Two cells are connected in series. One contains AlCl3 and the other contains AgNo3 as the electrolytes. What mass of silver is deposited when 18g of Al is deposited at cathode?
To determine the mass of silver deposited when 18g of Al is deposited at the cathode, we need to use Faraday's law of electrolysis.
1. First, let's calculate the moles of Al that is deposited at the cathode.
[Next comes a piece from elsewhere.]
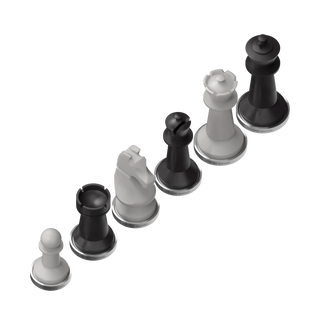 Stanton Series 01 Chess Set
The molar mass of Al is 27 g/mol, and we have 18g of Al, so:
moles of Al = 18g / 27 g/mol = 0.67 mol of Al
2. Since the cells are connected in series, we know that the same number of moles of Al will be deposited at the cathode as the number of moles of Ag deposited at the anode.
3. The balanced chemical equation for the reaction at the cathode is:
Al^3+ + 3e^- -> Al
4. From the balanced equation, we can see that 3 moles of electrons are required to deposit 1 mole of Al. Therefore, the number of electrons involved in the process is 0.67 mol x 3 mol e^-/1 mol Al = 2 mol of electrons.
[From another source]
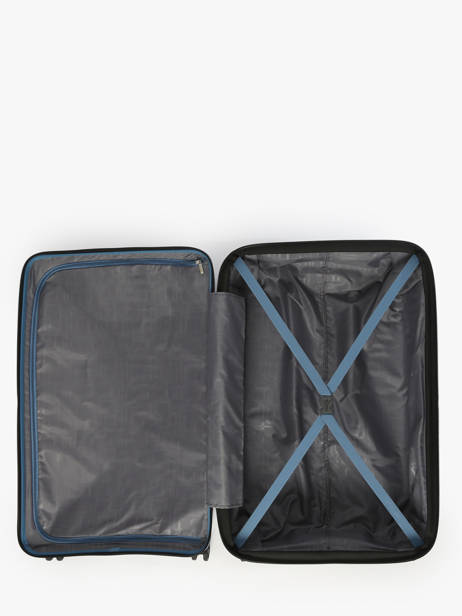 Softside Luggage Liftoff American tourister Blue liftoff 152517 other view 3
5. Each mole of electron corresponds to a charge of 1 Faraday (F). Therefore, the total charge passed through the circuit can be calculated by multiplying the number of moles of electrons by the Faraday constant (F = 96,485 C/mol):
Total charge = 2 mol e^- x 96,485 C/mol = 192,970 C
6. According to Faraday's law, the mass of the substance deposited at the electrode can be calculated using the equation:
mass = (Total charge x molar mass of the substance) / (Faraday constant)
7. The molar mass of silver (Ag) is 107.87 g/mol. Plugging the values into the equation, we get:
mass of Ag = (192,970 C x 107.87 g/mol) / 96,485 C/mol = 214.85 g of Ag
Therefore, the mass of silver deposited when 18g of Al is deposited at the cathode is approximately 214.85 grams.